GIVEN INFORMATION Block Start
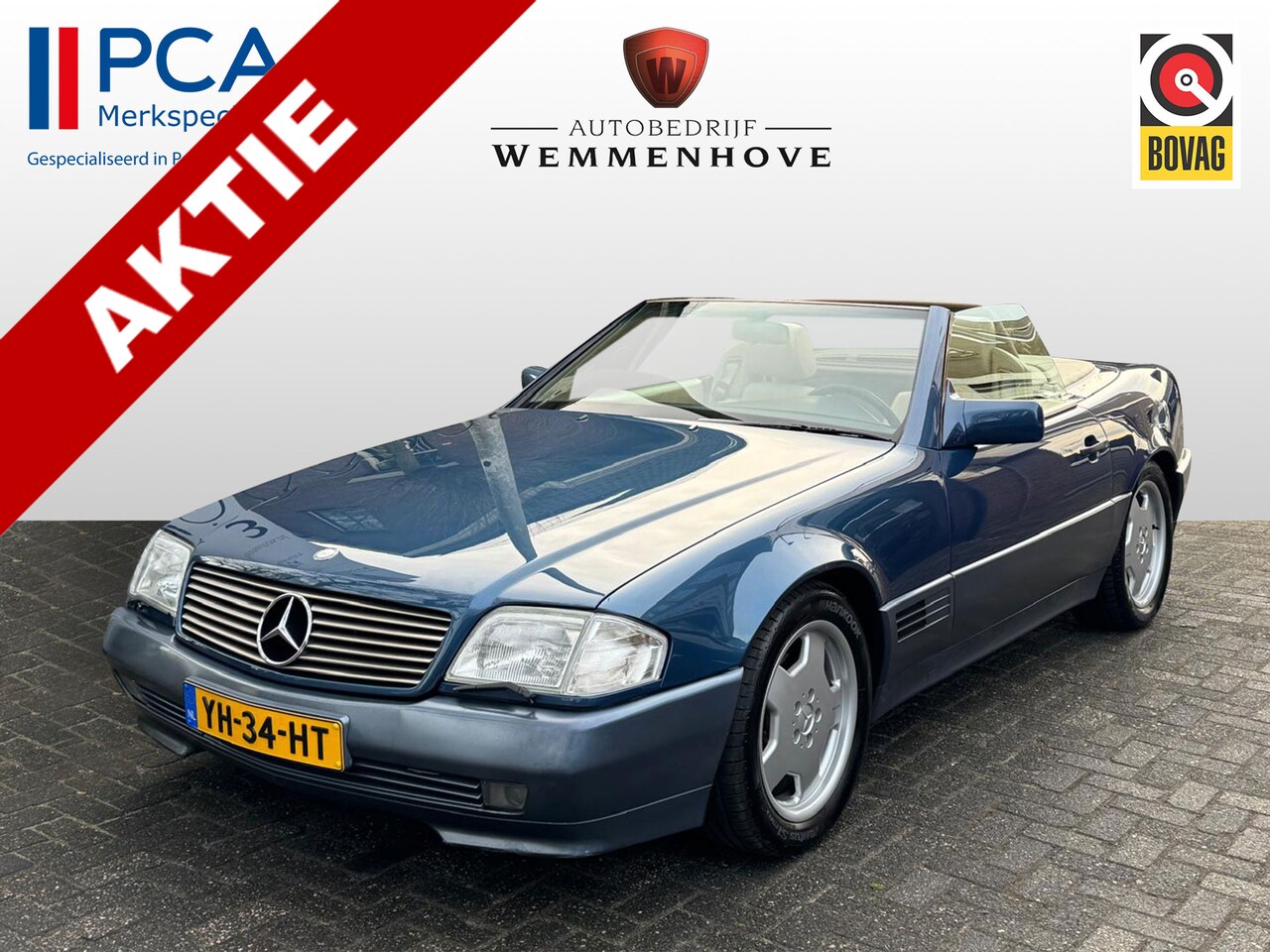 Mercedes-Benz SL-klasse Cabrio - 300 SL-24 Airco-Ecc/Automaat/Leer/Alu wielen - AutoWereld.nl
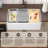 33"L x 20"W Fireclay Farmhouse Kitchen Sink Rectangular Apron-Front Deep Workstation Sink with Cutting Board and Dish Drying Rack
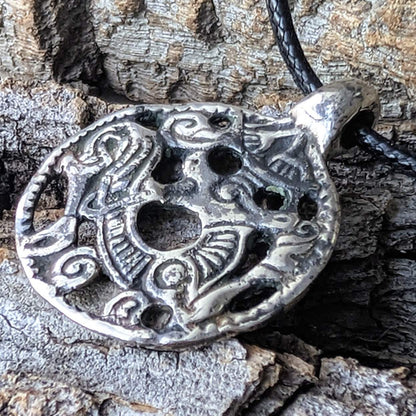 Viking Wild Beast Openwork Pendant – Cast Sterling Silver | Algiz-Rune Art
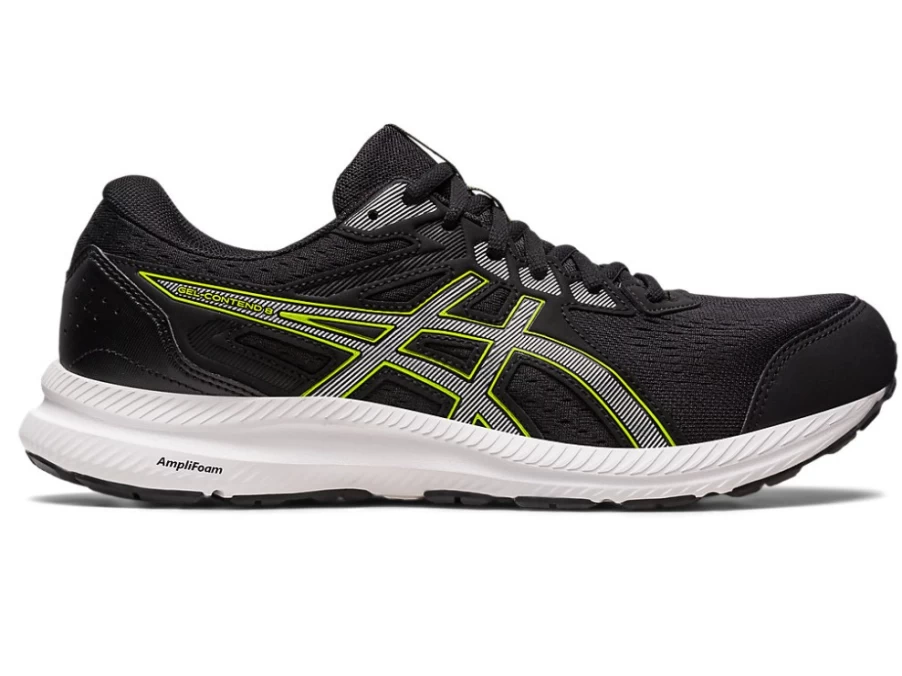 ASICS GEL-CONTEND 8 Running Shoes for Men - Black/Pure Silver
GIVEN INFORMATION Block End
PROBLEM TO SOLVE: Would you provide an exact, picture-free copy of the data above?

TASK OUTPUT:
 Mercedes-Benz SL-klasse Cabrio - 300 SL-24 Airco-Ecc/Automaat/Leer/Alu wielen - AutoWereld.nl
 33"L x 20"W Fireclay Farmhouse Kitchen Sink Rectangular Apron-Front Deep Workstation Sink with Cutting Board and Dish Drying Rack
 Viking Wild Beast Openwork Pendant – Cast Sterling Silver | Algiz-Rune Art
 ASICS GEL-CONTEND 8 Running Shoes for Men - Black/Pure Silver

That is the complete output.